Beatle Ringo Starr apologises for Liverpool comments
- Published
Ringo Starr has apologised for saying he missed nothing about his home city Liverpool.
The ex-Beatle, who is starting a UK tour including a Liverpool Empire gig, said he did not think he had offended Scousers with his 2008 remarks.
"I apologise to those people (who were offended), as long as they live in Liverpool, not outside," Starr told a BBC interview.
"No real Scouser took offence, only I believe people from the outside."
Starr, 70, who has homes in Los Angeles, England and Monaco, made the comments on BBC One show Friday Night with Jonathan Ross in January 2008.
Sculpture beheaded
It followed his performance of Liverpool 8 at the opening of Liverpool's European Capital of Culture year, which has the words "Liverpool I left you but I never let you down".

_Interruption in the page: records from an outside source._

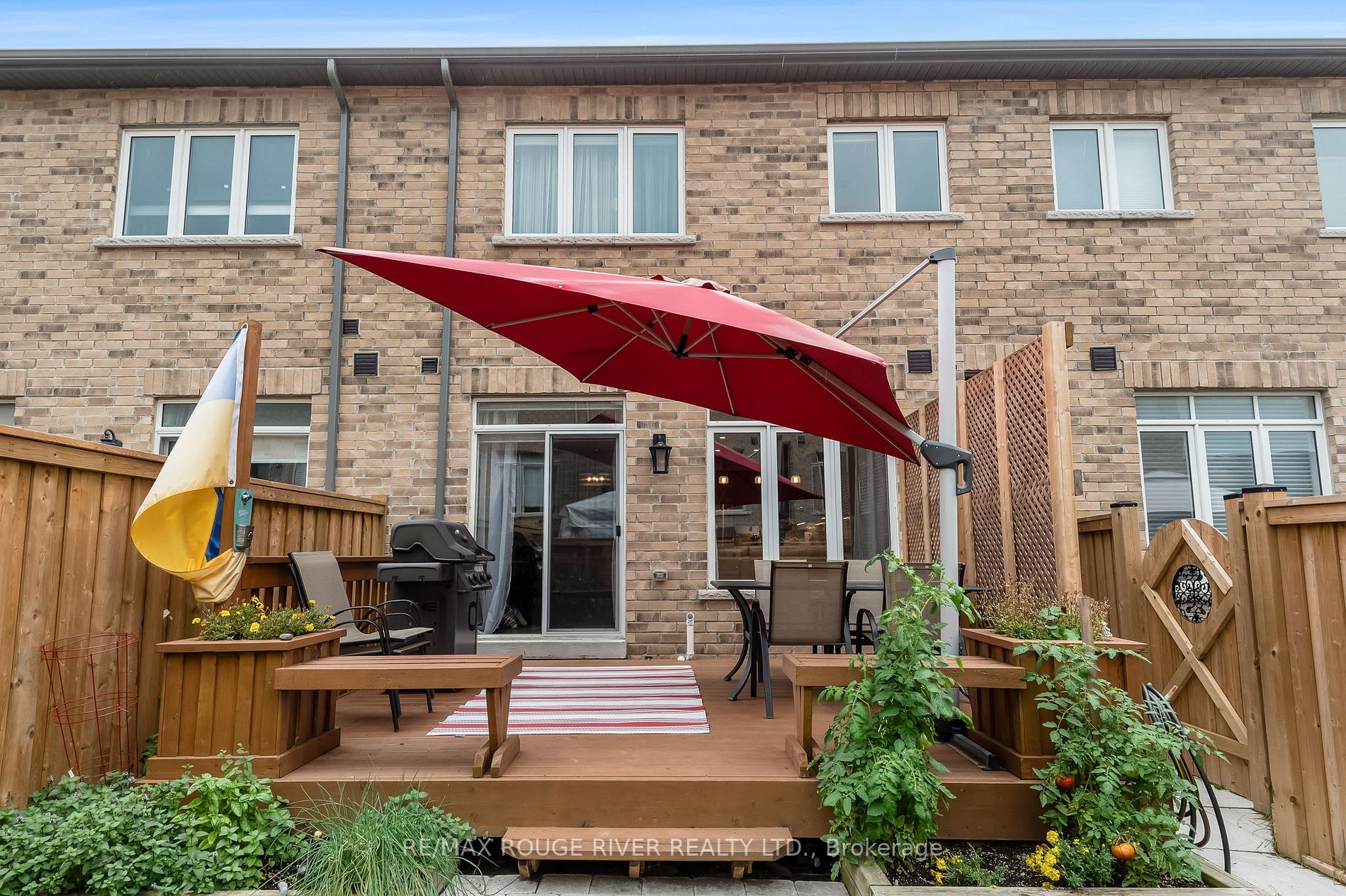 73 Rimrock Cres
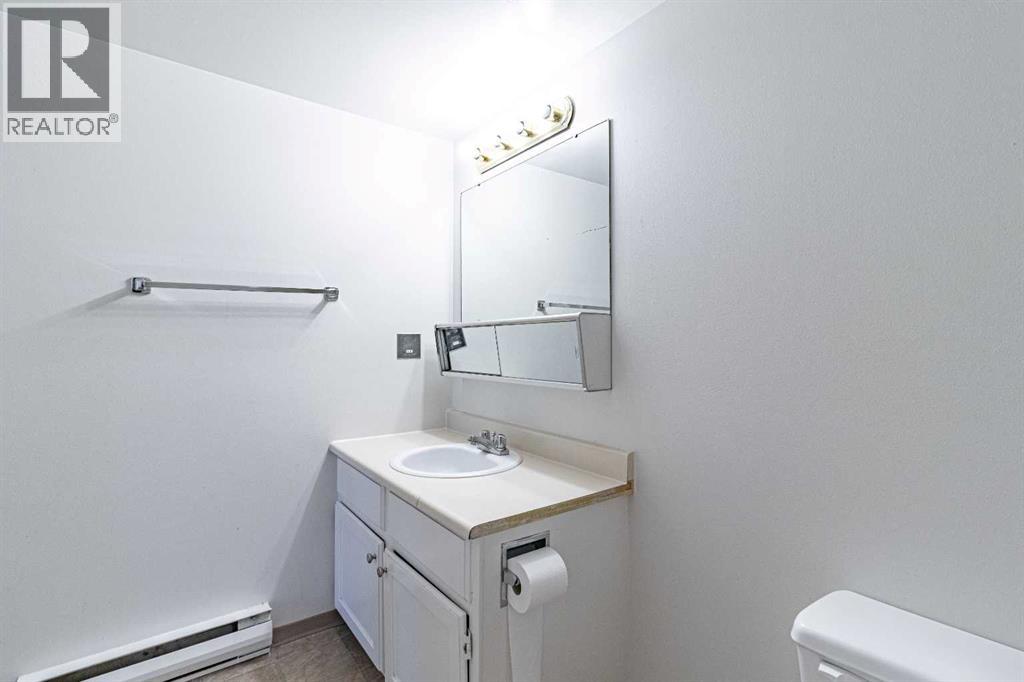 Single Family House for Sale in   Southampton Drive SW Southwood Calgary 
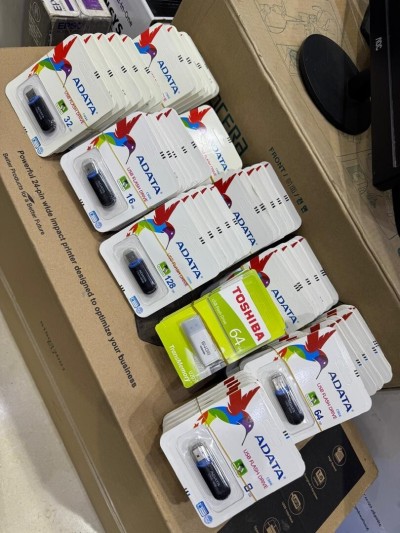 FLASH DISQUE ADATA / TOSHIBA 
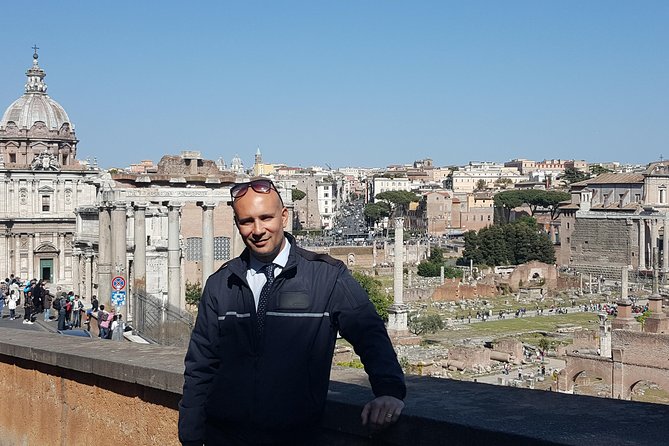 Rome Sightseeing Pre- or Post-Cruise Tour With Transfers - Exploring Rome on Foot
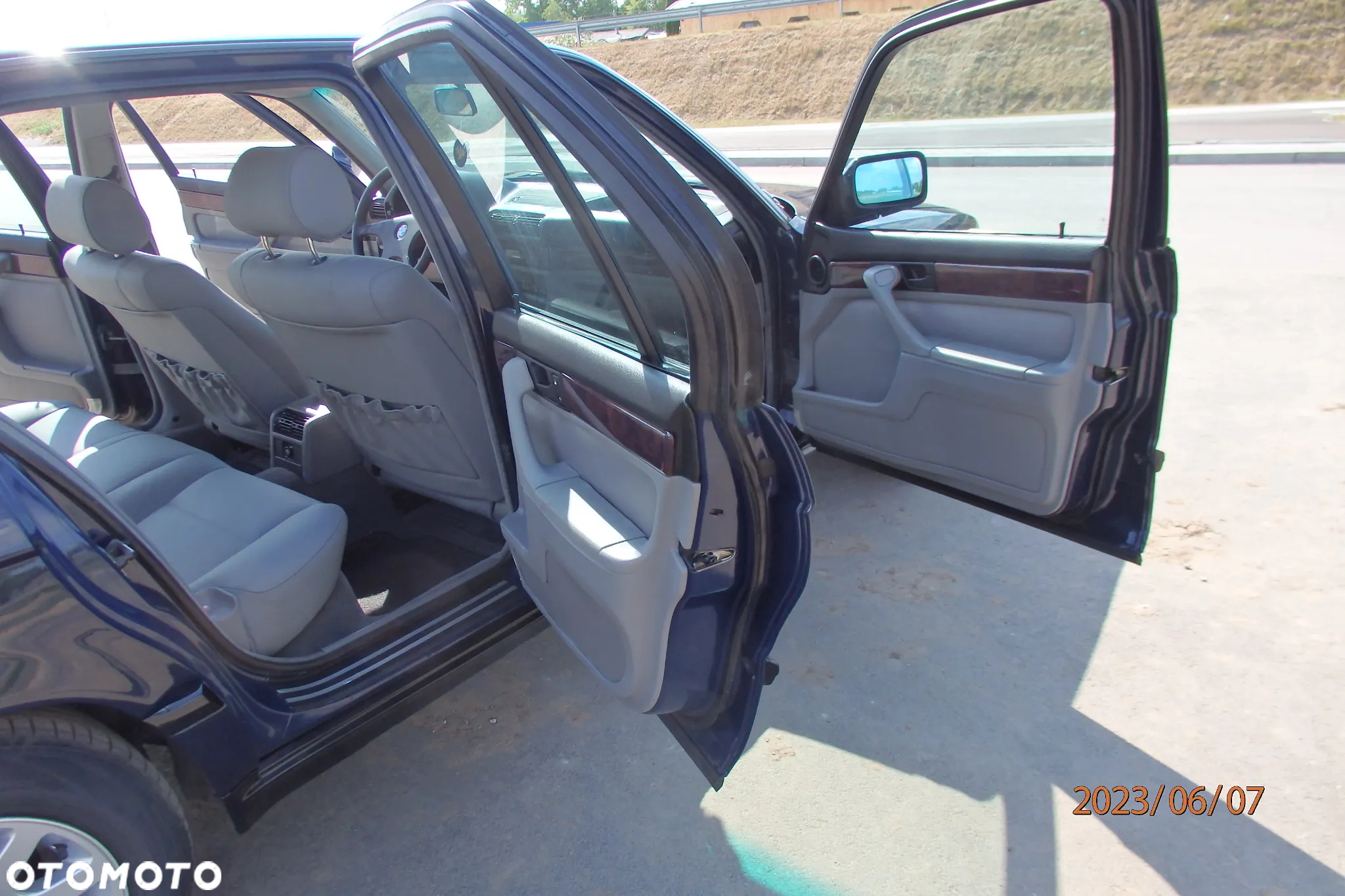 BMW Seria 7 - 15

Asked by the presenter what he missed most about the city, Starr laughed. Ross asked him if there was anything he missed, to which the drummer replied "er, no...", though he went on to say he loved the city as it was where he grew up and where his family were.
His comments were greeted with anger from some people in Merseyside and a foliage sculpture of the drummer at Liverpool South Parkway station was beheaded by vandals three months later, with the sculptures of the three other Beatles left untouched.
Asked about the offence caused by the remarks three years ago, Starr told the BBC that Liverpool was still very important to him.
He said: "I was brought up there, I went to school there, all my childhood, my youth was there.
"It's silly that whoever took offence took offence."
Starr's former home in Madryn Street, Toxteth, is currently under threat of demolition as part of regeneration plans, though there is a campaign to save it.
"Deep down I think it should stay," he said.
"You know, because of the impact the Beatles had on Liverpool, that people come to see - and they should see - where we came from.
"The only thing I want, if they save my house 9 Madryn Street, is that it stays where it is because there was a rumour that they were going to knock it down and put it up somewhere else, which I thought doesn't really mean anything."